Con otros voluntarios, acaba de servir pasta con curry, garbanzos y hamburguesa a los 780 extranjeros que hoy estaban en la cola del comedor. Por la noche durmieron aquí 530 personas. “El 80 por ciento son de Sudán. Cada mañana llegan nuevos: les preparamos una tarjeta con su foto y el nombre que nos dicen. Con ella tienen derecho a tres comidas al día, cepillo de dientes, jabón y detergente para la ropa”. Desde que abrió el 16 de julio el Parco Roya ha ayudado a casi 1.500 personas. La mayoría cobra fuerzas y al cabo de unos días “lo intenta”. Con esta expresión en Ventimiglia se entiende tomar uno de los senderos que trepan la montaña y bajan al otro lado de los Alpes, en la Costa Azul. Los confines en el bosque son más lábiles y menos controlados de los de la carretera y del ferrocarril. Pero puede pasar que los agentes franceses te pillen y te echen de vuelta a Italia. “La gendarmería pega”, cuenta Zakaria, 23 años, libio de Sabratha. Sueña con mudarse a París, donde tiene un hermano. Lo mismo que Mohamed, 21 años, fugado de Darfur, y Bachir, que nació en Chad en 1993. “Aquí en Italia no conocemos ni el idioma ni a nadie”, comentan en buen francés. A la sombra de un olivo, observan los que salen del centro. Ellos también volverán a intentarlo mañana o después.

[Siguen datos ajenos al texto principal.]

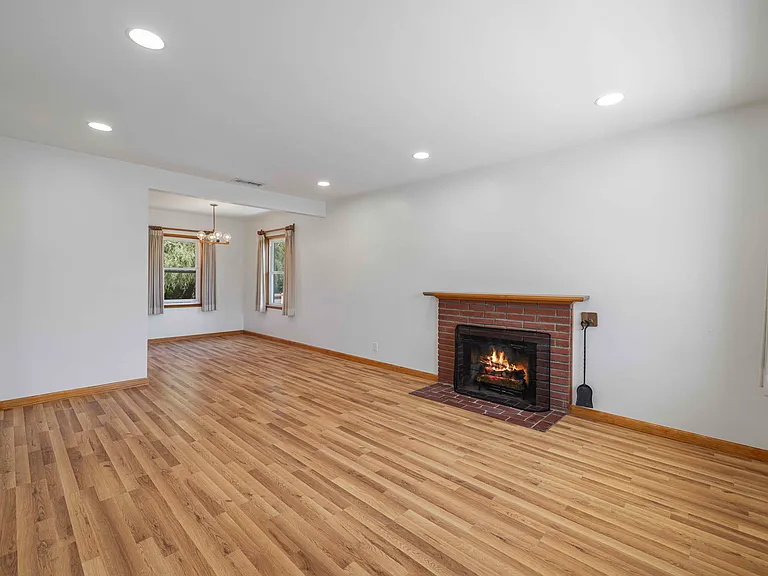 22826 Marjorie Ave — Photo 3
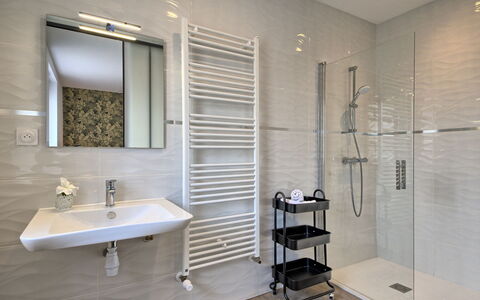 Les Yeux dans la Baie: Mirror, Sink, Plumbing Fixture, Tap, Bathroom Sink, Building, Bathroom, Interior Design, Floor, Flooring
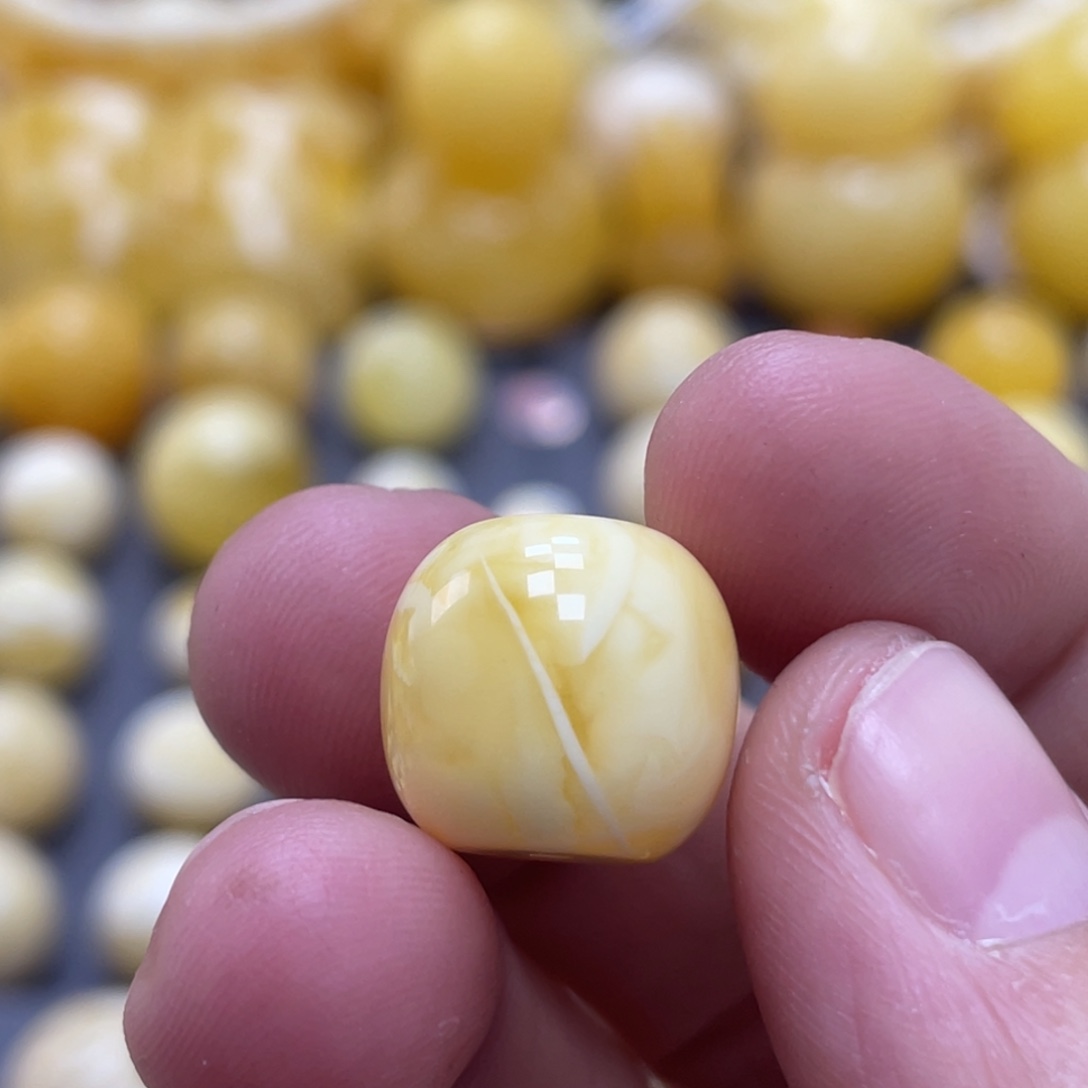 玲***珑蜜蜡未镶嵌裸石14*12.9mm瑕疵浓蜡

Más visible pero igual de silenciosa, otra procesión de jóvenes varones de piel oscura se dirige a la iglesia de San Antonio, en una zona de Ventimiglia llamada Roverino. Don Rito Álvarez ha secundado el llamamiento del obispo y del Papa y acoge en la sala parroquial a alrededor de setenta mujeres y niños. “Cocinamos, ordenamos y jugamos juntos. No existen extranjeros e italianos. Somos amigos”, cuenta Noemí, 24 años y el verano dedicado a esto. Recibe un sms y se emociona: “Es un chico que salió esta madrugada. Me avisa de que lo ha logrado. Está en Francia”.
Un niño de ojos oscuros y pelo rizado le trepa las piernas, le coge el móvil y en italiano perfecto pide ver un capítulo de Masha y el oso. A Maleck, de tres años y medio, le encontraron hace dos meses dormido en el suelo de la iglesia junto a su hermana. Viene de Nigeria. Los padres de Noemí, muy activos en la parroquia, lo tratan como si fuera su tercer hijo.
“¡No sólo hay besapilas por aquí! Yo no voy a misa desde el día de mi primera comunión”, exclama una vecina de unos cuarenta años y modales enérgicos. Cada día, antes y después del trabajo, pasa a ayudar. Hoy ha traído 120 pares de zapatillas: “He regateado como una campeona con los chinos y finalmente me vendieron cada par por cinco euros”, exulta. Ahora quien quiera quedarse a la vera de San Antonio antes de “intentarlo” puede contar con unos zapatos flamantes. En el lugar donde Schengen se juega su futuro, estos brazos generosos y los pequeños trucos de supervivencia cotidiana parecen la última garantía de que Europa sigue siendo ella misma.